Using new modeling techniques to analyze data gathered in 1997 by the NASA Galileo spacecraft, astronomers have discovered surprising new details about one of Jupiter’s moons.
A paper published in Nature Astronomy offers the clearest evidence to date that there are “plumes” — eruptions of water vapor — venting from the surface of on an icy moon called Europa. Two UCLA scientists are co-authors of the study: Margaret Kivelson, a space physicist and planetary scientist who is a professor emerita, and researcher Krishan Khurana.
Space scientists have long been interested in Europa because there is evidence to suggest that a vast ocean — like the ones on Earth — lies beneath its icy outer shell. The new research provides further support for the possibility of such an ocean, as well as evidence that there are the types of energy sources in the moon’s interior that would be required if life were to develop on the moon.
In the 1990s, Kivelson led the team that designed and built the device on Galileo that recorded magnetic field signatures. Because magnetic fields are generated by flowing currents, measuring the magnetic fields provides information about where they come from, which in turn suggests information about the characteristics of the moon itself.
Galileo collected data from as close as 124 miles above Europa’s surface, but at the time, mission scientists didn’t think to look for plumes. Over the next few years, though, new data from a separate NASA mission — the Cassini spacecraft’s study of Saturn and its moons — led Kivelson and her colleagues to suspect that there was more to be learned by analyzing the measurements Galileo had made near Europa.

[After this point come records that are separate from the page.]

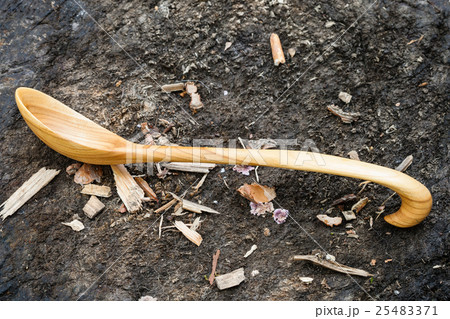 side view of wooden spoon carved from Alder wood side view of wooden spoon carved from Alder wood 25483371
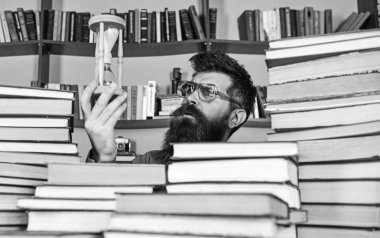 Adam düşünceli yüzünde ise eğitim, kitap rafı arka plan üzerinde kum saati tutar. Dostum, bilim adamı bardaklarda kum saati görünüyor. Zaman akışı kavramı. Öğretmen ya da sakal Kitaplığı'nda eğitim ile öğrenci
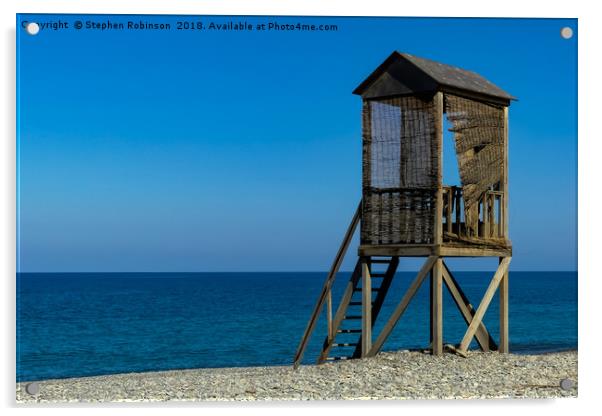 A rustic wooden lifeguard's hut on a shingle beach Acrylic by Stephen Robinson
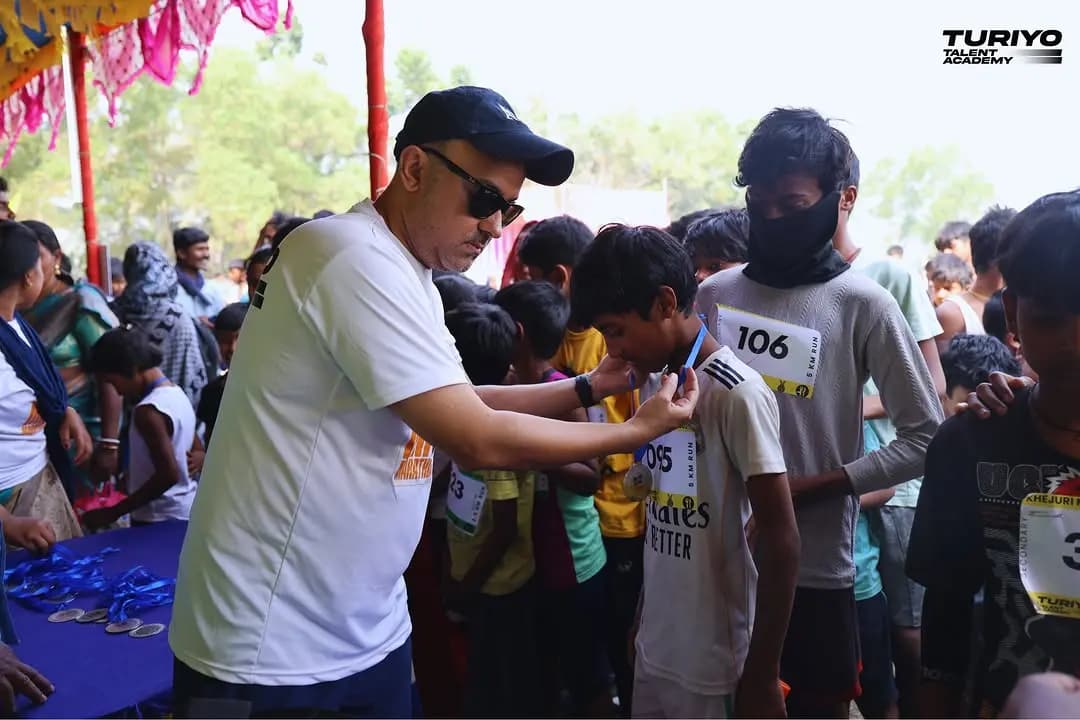 A volunteer in a cap puts finisher medals round the necks of young runners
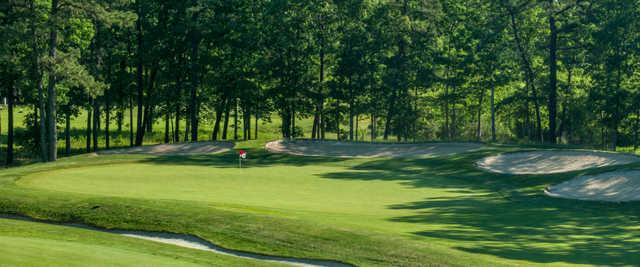 A view of a green protected by bunkers at Harbor Pines Golf Club.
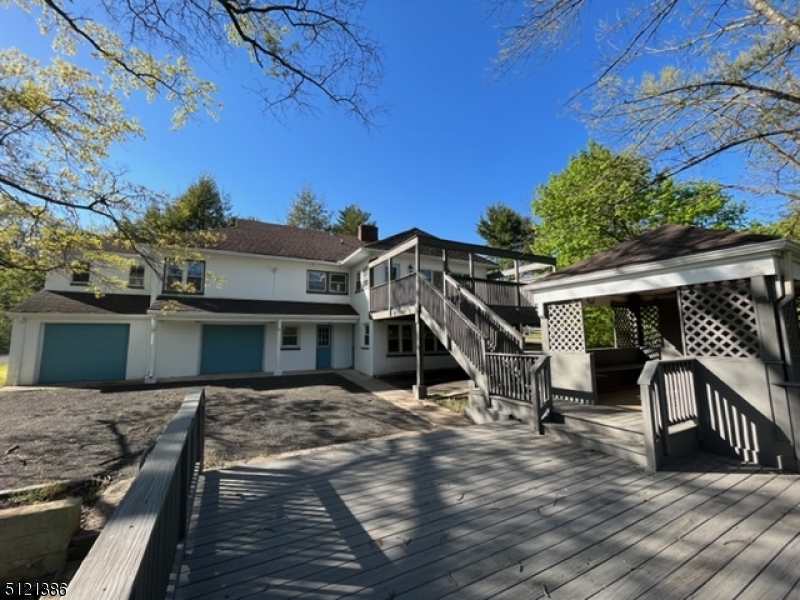 636 Valley Road Watchung, NJ 07069 - Photo 5 of 43 a view of a house with a wooden deck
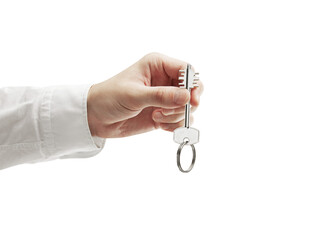 A closeup of a hand in a white shirt holding a house key. The scene is isolated on a white...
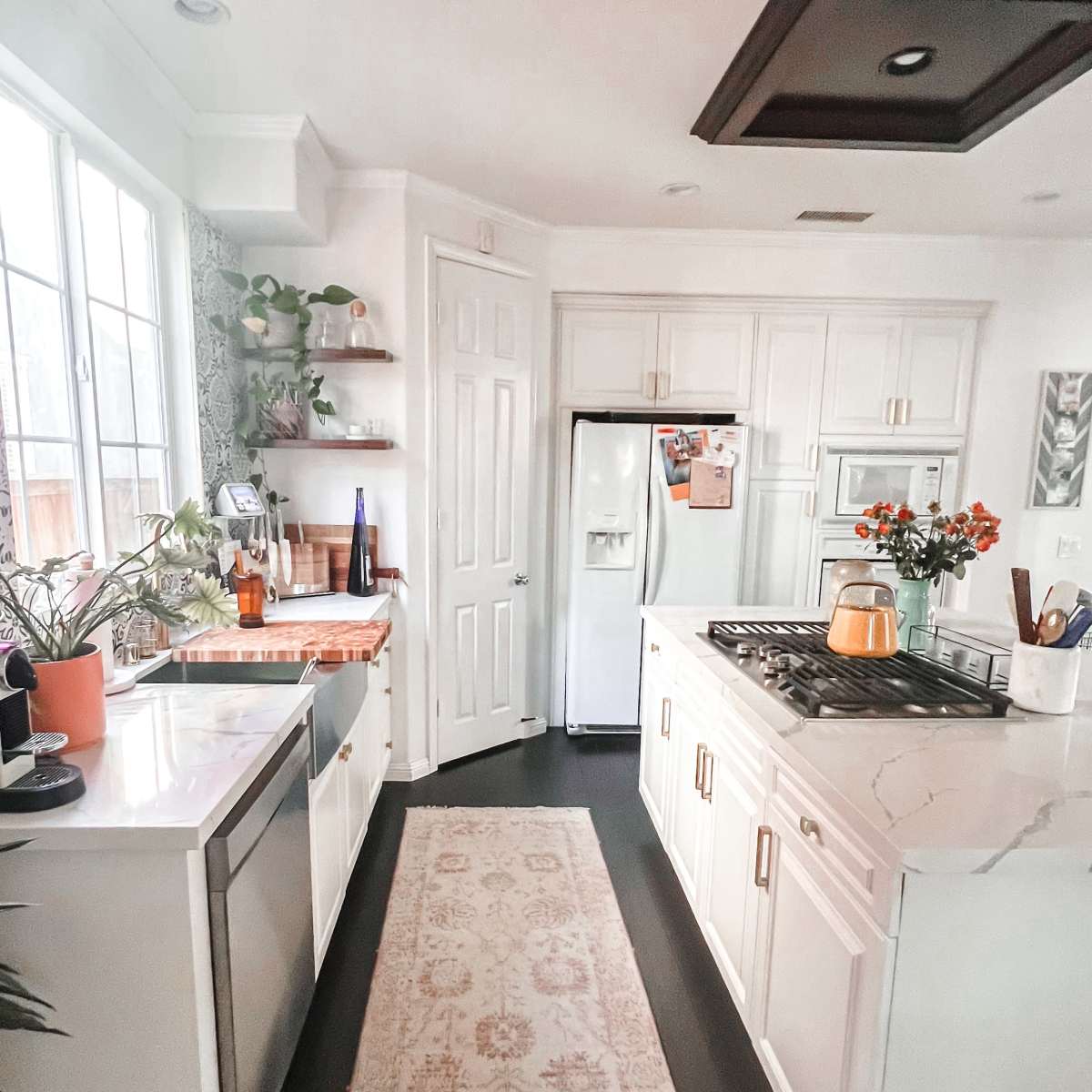 A modern kitchen with white cabinets, a gas stove, and a sleek countertop, featuring plants and a neon sign that says "Hustle."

In early 2017, Kivelson, Khurana and Xianzhe Jia — a University of Michigan space physicist who earned his doctorate at UCLA — attended a NASA presentation about the agency’s planned Europa Clipper mission, which is scheduled for a launch in the early 2020s. The researchers examined the information gathered during the 1997 flyby and, indeed, the high-resolution magnetometer data showed something strange.
Drawing on what scientists had learned from the exploration of plumes on Saturn’s moon Enceladus by NASA’s Cassini mission, Jia focused on an anomaly that had never been explained, and then applied it as strong evidence of plumes.
In addition to Kivelson’s magnetometer, Galileo also carried a powerful plasma wave spectrometer to measure plasma waves caused by charged particles in gases around Europa’s atmosphere. For the new study, scientists layered data from the magnetometer and spectrometer into 3D modeling software, and then incorporated models based on data from remote observations of Europa by NASA’s Hubble Space Telescope between 2014 and 2017.
“The data were there, but we needed sophisticated modeling to make sense of the observation,” Jia said.
The new findings bolster the potential for discovery of more plumes by the Europa Clipper mission, which is intended to explore the moon’s habitability. Jia, Kivelson and Khurana are members of the research teams for two of the instruments aboard Europa Clipper that will measure the moon’s magnetic and plasma environments.
“If plumes exist, and we can directly sample what’s coming from the interior of Europa, then we can more easily get at whether Europa has the ingredients for life,” said Robert Pappalardo, the project scientist for Europa Clipper at NASA’s Jet Propulsion Laboratory in Pasadena, California. “That’s what the mission is after. That’s the big picture.”
Kivelson, who in 2017 received the Gerard P. Kuiper Prize for outstanding contributions to planetary science from the American Astronomical Society, said the upcoming mission should reveal a wealth of new insights about the moon.
“Although Galileo discovered an ocean at Europa, we know little about its properties,” she said. “The Europa Clipper mission will tell us lots about the ocean, such as its depth, the thickness of the ice layer that hides it, and its electrical properties.”